Wasting in the Energy Descent: An Outline for the Future
by Tom Shelley
Our current growth-based economic view is based on the continuous and ever-increasing use of energy and resources. This process generates solid waste, pollution, and greenhouse gases in enormous quantities. Despite international efforts to reduce waste, the amount generated continues to grow.
Eventually we will hit a collective wall, the bricks of which will be environmental degradation, climate change disasters, and the peaking of many resources. Properly prepared communities will handle the triple crises of environment, energy, and economy better than those that are not. Dealing with our wastes in a more sustainable manner will help to ensure our survival in an energy- and resource-constrained future.
In fact, if we radically reorient our world view, we can live in a world of little or no waste. Biomimicry — following the designs of nature and the paths of indigenous peoples — can create a nearly waste-free economy. In an ideal world, as in nature, there would be no wastes, only re-purposed resources.
Our present system of domestic waste disposal, in which we make it “go away” by putting it on a truck and driving it to the landfill, is resource intensive. Picking up waste, processing it (including recycling), and hauling off the landfilled wastes and the recycled materials requires lots of energy, mostly in the form of fossil fuels or electricity generated from fossil fuels. The same is true for the treatment of sewage, animal wastes, and various industrial wastes. Fortunately, our diminishing consumption will mean a lot less waste. Even if we follow the path of biomimicry, we will still be left, as we always have been, with an irreducible minimum that must be disposed of for various reasons. The following sections address specific waste streams and some alternatives for managing each one as individuals and as a community. Due to space limitations, this article is more of an outline than a treatise, and many questions are posed for which there are currently few, if any, answers. Hopefully, the answers will follow from our ingenuity at doing more with less as energy descent unfolds.
Human waste and domestic animal waste
Human bodily waste, and that of our animals, would quickly create a serious problem if it were not dealt with properly. In the urban setting, our current method of mixing body wastes with large amounts of expensive, purified drinking water, then re-purifying the water and returning it to the original water source is not a sustainable use of water, energy, or energy-intensive chemical resources. Sewage disposal in suburban and rural areas places an additional strain on resources and the environment. Many unanswered questions arise when considering urban waste disposal:
Infrastructure. What is the age and life expectancy of the current sewer and septic systems? What are the expected maintenance requirements and fossil fuel dependencies of repair and replacement materials? Will the required materials even be available in the future?
City sewers. How much energy does it take to run the City of Ithaca's sewage and treatment system? Can we reduce that cost? Can sewage treatment inputs be reconfigured to yield organic manures for local farming without contaminating sewage sludge? How long can the current systems be sustained on emergency power? Can emergency or even long-term power be supplied from local, City-owned hydropower? Can currently flared methane be used to heat greenhouses or for other heat recovery uses?

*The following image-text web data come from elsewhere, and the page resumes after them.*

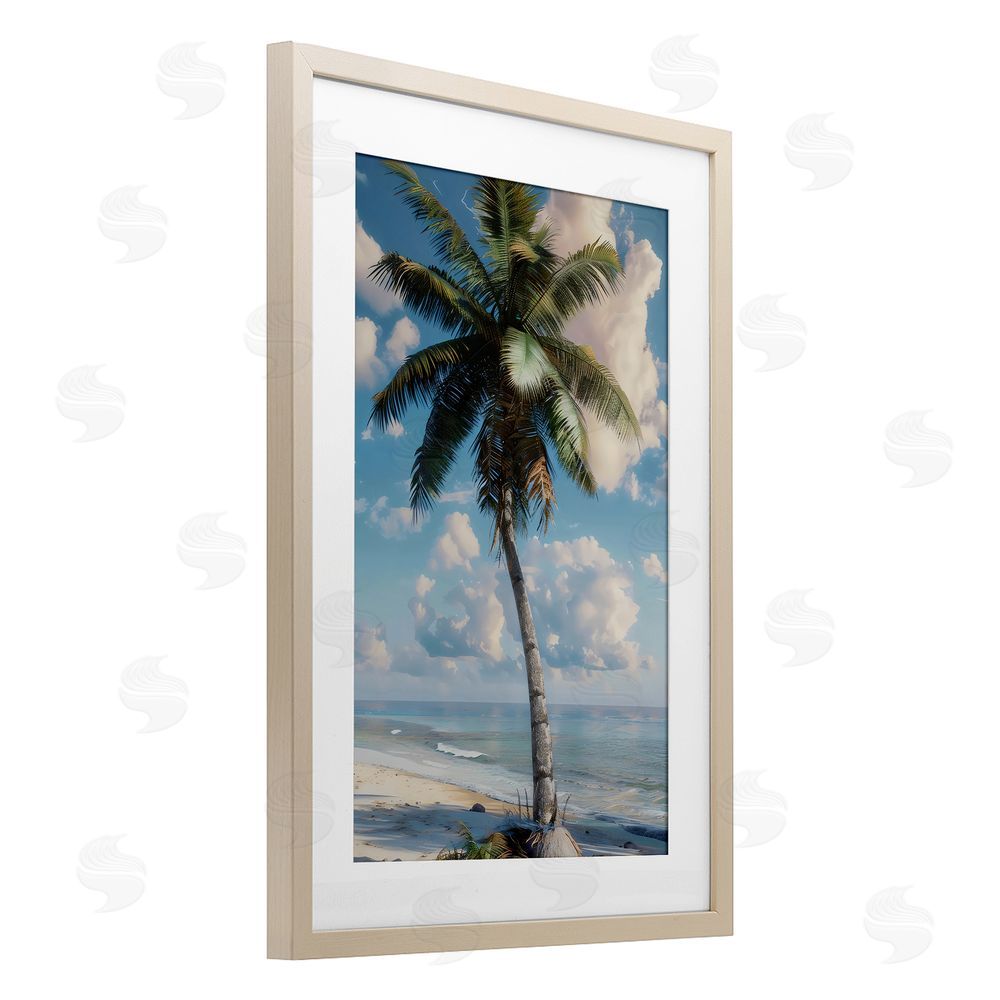 LSR Design Studio Green Palm Relaxation Birch Framed Print Under Glass Art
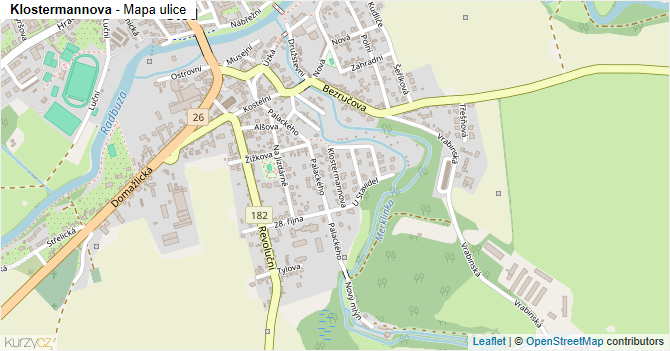 Klostermannova - mapa ulice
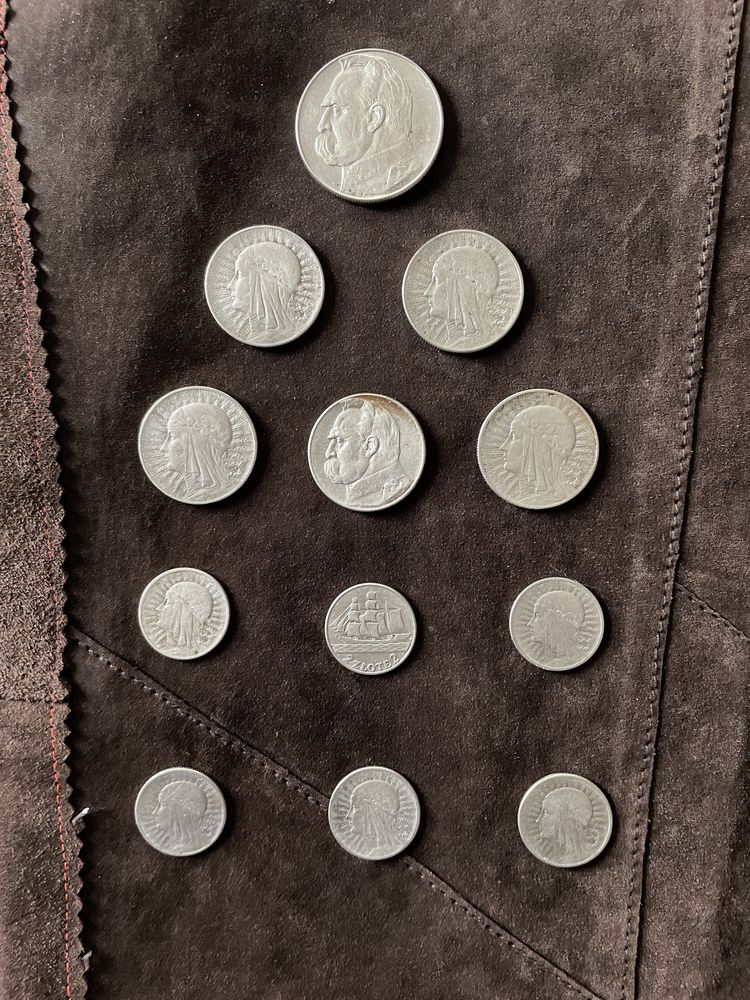 Monety przedwojenne 1932 - 1936 Piłsudski, żaglowiec, znak menniczy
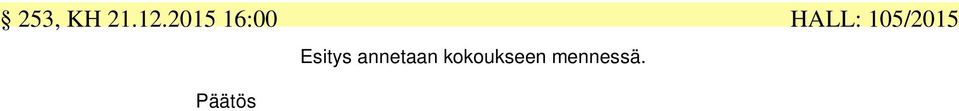 Esitys annetaan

Septic systems. Many people in Tompkins County depend on septic systems that need periodic cleaning. Local septic tank cleaning firms now take their “product” to the Ithaca Area Wastewater Treatment Plant for processing. How will we manage this waste with less energy for transport? Will high costs of energy interfere with the processing load on the wastewater treatment plant if the volume of septic system effluent grows dramatically with population growth in areas not served by the plant itself? If this happens, what can we do about it? Will septic systems as we know them need to be phased out or abandoned in favor of other systems? Could we develop local or district sewage-to-methane facilities to relocalize the energy needed for heat and hot water using pumped septic tank effluent?
Sustainable waste treatment systems. Some experts believe that the way to approach sewage treatment is to stop using large amounts of water to process human waste and instead figure out ways to process it that yield fertilizer. Such an approach would reduce the energy consumed in the sewage treatment process; the chemical inputs, especially chlorine; and the need to maintain an extensive above ground and underground infrastructure. What would an alternative system look like? How much would such a system actually cost? Could it be deployed on a mass basis? How much will services deteriorate before local residents can be convinced to pay for and use alternative systems? Would more localized, small-scale processing be more energy efficient and cost effective?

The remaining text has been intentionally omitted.